Goal of the exercise – With the pictures removed, write out the data below exactly.

Dataset –
· · · ·

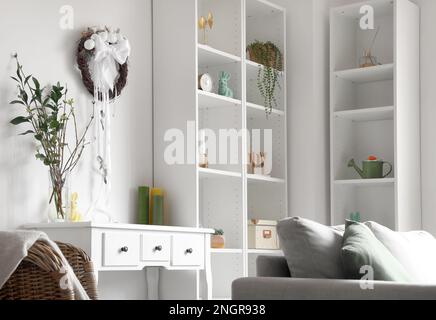 Der Osterkranz hängt an einer hellen Wand im Wohnzimmer Stockfoto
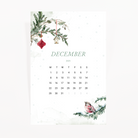 December 2025 calendar card with a snowy pine branch, a house charm and a bullfinch on snow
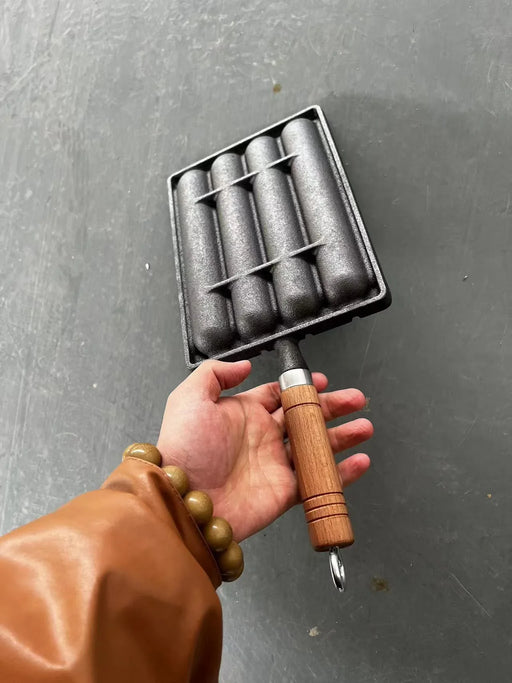 Hand holding a metal tool with wooden handle against a gray background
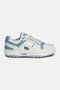 M-100 Low sneaker side view in white and sky blue – full‑grain leather upper with mesh air vent insert, sky blue overlays, PONY chevron and chunky rubber sole.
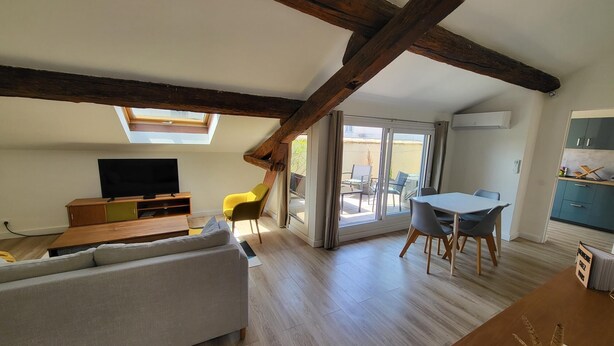 A loft-style living room with a wooden ceiling, a sofa, a TV, and a dining area with a table and chairs. - La Dolce Vita Nîmoise 🐊 Terrace 100 m from the Arena (Nîmes)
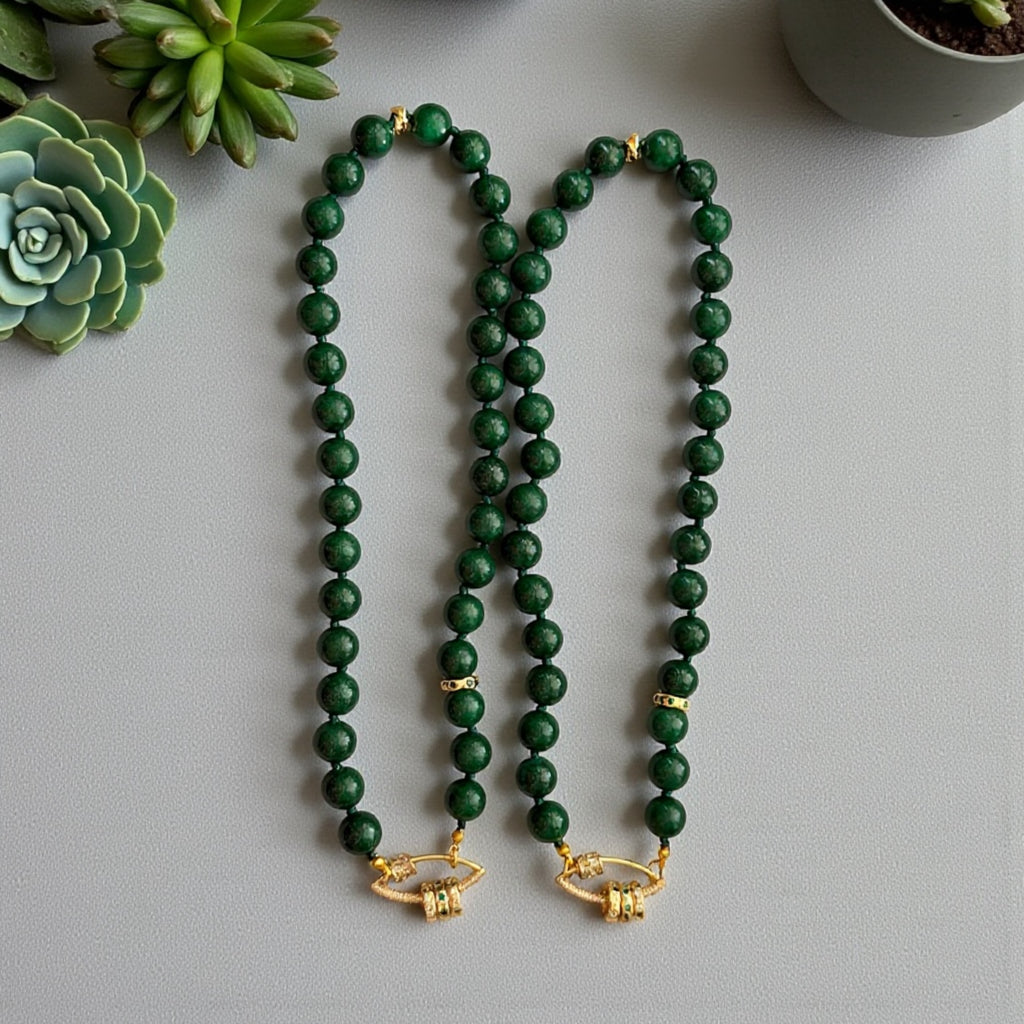 Vintage Vogue Necklace: Vintage Chinese Jade beads hand-knotted on matching satin cord•Gold pavé accents and charms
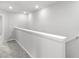 Upstairs hallway with neutral paint, carpet, and a white railing at 5006 Caspian St, St Cloud, FL 34771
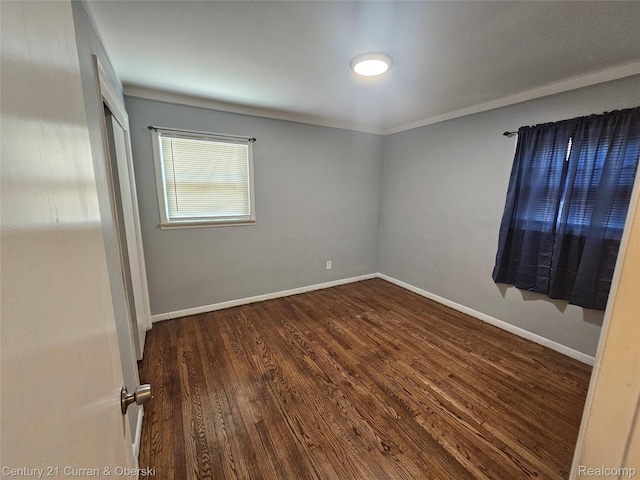 19370 Dequindre St, Detroit, MI 48234 - empty room featuring dark wood-type flooring and baseboards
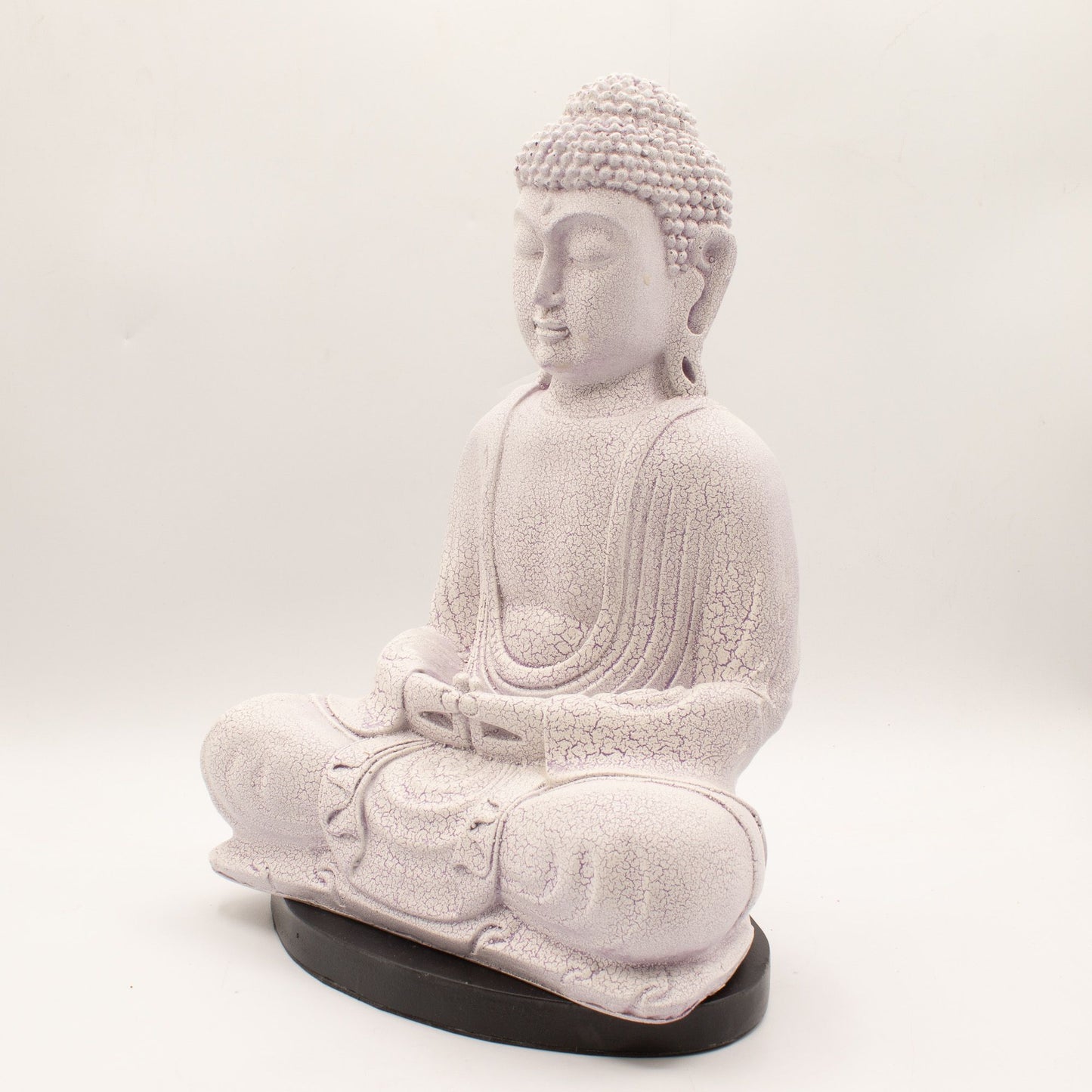 Meditation Buddha Lamp with crackle textured surface on modern oval stand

· · · ·

Response to this task –
 Der Osterkranz hängt an einer hellen Wand im Wohnzimmer Stockfoto
 December 2025 calendar card with a snowy pine branch, a house charm and a bullfinch on snow
 Hand holding a metal tool with wooden handle against a gray background
 M-100 Low sneaker side view in white and sky blue – full‑grain leather upper with mesh air vent insert, sky blue overlays, PONY chevron and chunky rubber sole.
 A loft-style living room with a wooden ceiling, a sofa, a TV, and a dining area with a table and chairs. - La Dolce Vita Nîmoise 🐊 Terrace 100 m from the Arena (Nîmes)
 Vintage Vogue Necklace: Vintage Chinese Jade beads hand-knotted on matching satin cord•Gold pavé accents and charms
 Upstairs hallway with neutral paint, carpet, and a white railing at 5006 Caspian St, St Cloud, FL 34771
 19370 Dequindre St, Detroit, MI 48234 - empty room featuring dark wood-type flooring and baseboards
 Meditation Buddha Lamp with crackle textured surface on modern oval stand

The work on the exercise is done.